Thank you guys in advance!


----------



## chumslam (Aug 3, 2014)

Also what would be a good way to use the leftovers? I have a few ideas but would love to hear some new ones!


----------



## gabissmokeshack (Aug 5, 2014)

Brisket makes great Chili

Sausage I like to use in Chicken & sausage Gumbo or Red Beans and rice

pork is great in beans


----------



## timstalltaletav (Aug 5, 2014)

I second the brisket chili.  It's about the only way I make it anymore.  Everyone seems to love when I throw small cubes of burnt ends in the chili.


----------



## worktogthr (Aug 5, 2014)

Never in the  restaurant business so I can't help you with the timing but it's an obsession of mine to repurpose leftovers.  Any bbq meat goes great in chili like mentioned above.  Stuffed peppers would be great too.  Replace the ground meat with bbq meat and the possibilities are endless.  Maybe ABTs as an app?  I also use a lot of smoked meats to stuff fatties.  Perhaps that can be a special when you have a lot of leftovers.  One of my favorites is to chop smoked brisket up really fine and fry them on the flattop with some onions to make smoked Philly cheesesteaks. I imagine the same can be done with pulled pork at hasn't been sauced.  Bbq spaghetti would be another dish that would work and people  might be intrigued by it.  Leftover ribs and/or the tips can be used for bake beans or chili.  Make bbq grilled cheeses a special.  Bbq stuffed empanadas.  Haha I am rambling now but the possibilities truly are endless and I know this because in my 12 or so years of cooking as a hobby and necessity, I never throw out anything.


----------



## chumslam (Aug 5, 2014)

Great ideas! Post more please, i love the ingenuity of leftovers! also im located in the northeast!

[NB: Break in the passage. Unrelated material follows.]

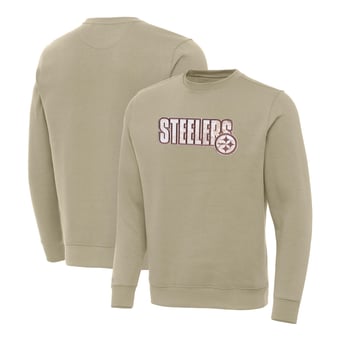 Men's Antigua Khaki Pittsburgh Steelers Woodland Camo Victory Sweatshirt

thank you thank you thank you!


----------



## worktogthr (Aug 5, 2014)

ChumSlam said:


> Great ideas! Post more please, i love the ingenuity of leftovers! also im located in the northeast!
> 
> thank you thank you thank you!



No problem!  Here's a few more I've done:

Pulled pork tacos
Brisket  and blue cheese paninis with carmalized onions
Smoked meat Mac and cheese
Pulled pork shepards  pie
Smoked chicken salad
Bbq chicken pizza.

You mentioned that you did pizzas, so smoked meat goes great on pizza or stuffed into a Stromboli.  

Where is your restaurant located,  if I'm ever in the area, will check it out.


----------



## chumslam (Aug 5, 2014)

Great ideas thank you!

We are in newark delaware, pm me for specifics!


----------



## welshrarebit (Aug 5, 2014)

Pulled pork risotto with mushrooms and truffle oil! We serve this as a special sometimes and  it always sells out fast.


----------